Amid the congratulations and public support Mr. Vacca is already receiving, the collateral damage, his wife, will not get the spotlight, or public support. She receives no mention in this article; it is merely noted that councilman Vacca is “getting a divorce.” She’s not even a person in this story.
Hopefully, if this experience is as traumatic for her as I know it to be from personal experience, and from many others whose stories I share, she will receive lots of support, although that support will likely be privately and discretely shared away from the op-eds of the NYT.
I am a straight spouse. While many LGBT spouses handle the coming out process with as much integrity as possible, and deserve support and congratulations, many do not. Many spent years lying to straight spouses, covering up the truth, in ways large and small, so as not to be discovered, severely damaging their straight spouse’s sense of reality, sanity, and often, their sense of self in the process. Lying and denial on this scale, and in a relationship this intimate, takes enormous effort, and therefore the sense of betrayal is proportionally enormous. Especially if there were reasons for the straight spouse to suspect, and if confrontations were met with more denial and deception. It is crazy-making. You doubt everything: your sanity, your goodness as a person, even the very air in your home doesn’t seem to be made of oxygen.
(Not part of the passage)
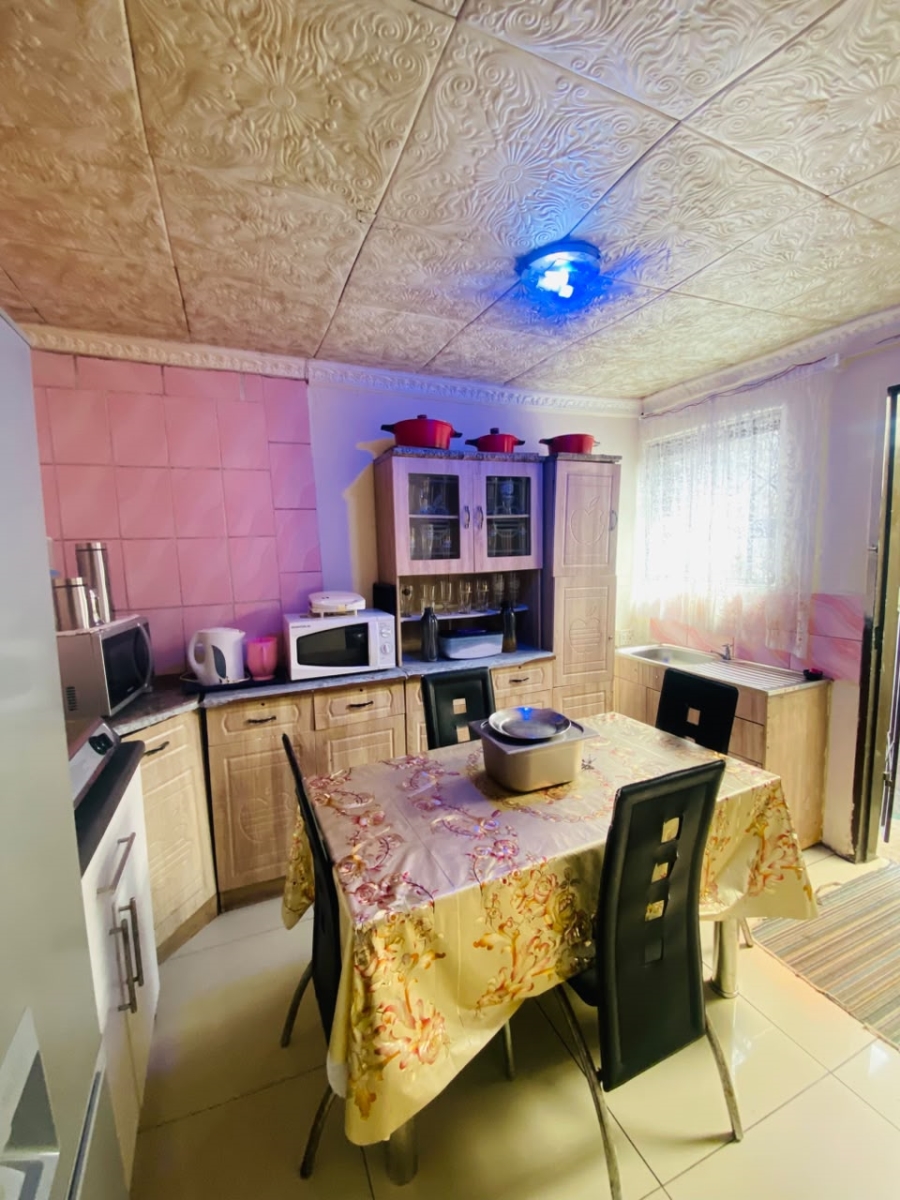 3 Bedroom Property for Sale in Harare Western Cape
And especially when the lack of physical intimacy in the marriage is laid at the straight spouse’s doorstep, as it often is to throw the sent off the trail. (That trail leads to a whole ‘nother world of trauma, self doubt and personal betrayal on the most intimate of human levels).
While the reasons for the gay spouse’s hiding and deception are complex and nuanced, and often understandable, they are NOT always noble. And sometimes, they are downright unconscionable. They just are. I promise you.
I am not making that claim of Councilman Vacca. I know none of the private details. However, we have to stop seeing only the side of the story that indiscriminately celebrates a gay spouse when he/she finally has the courage to come out. Before that, there was a husband or wife who may or may not have been traumatized, cruelly sexually rejected, gaslighted or used as a prop in a play of the gay spouse’s construction.
I promise you, it is beyond devastating to find out you, as a person, were merely a prop, a bit of set dressing, a trompe l’oeil, a “beard.” It is beyond enraging to learn, as we eventually do, that someone you loved and trusted felt your life could be sacrificed for their illusion, a mere currency they exchanged to buy and build a decoy life. That a choice was taken away from you each successive year you were kept in the dark and deceived.
Gay columnist and sex advice podcaster Dan Savage is famously unsympathetic to closeted people, stating about one closet case in one advice column: “He is being dishonest, and his chickenshit closet-case games require you to be dishonest, too.” This is what many straight spouses experience, only without their knowledge or permission.
This is not about demonizing closeted gay people. (Many straight spouses stay quiet about their pain and trauma precisely because we don’t want to hurt or offend our LGBT loved ones and friends, and we don’t want to seem “too angry,” or too unsympathetic to the gay spouse’s coming out journey).
This is an acknowledgment that wherever homophobia permeates a society, forcing people into a closet so deep and so dark that they themselves cannot bare to leave it, and will conscript unconsenting others to maintain it, no one, not even straight spouses, are left unscathed. There is real, and lasting trauma. Let us acknowledge it.”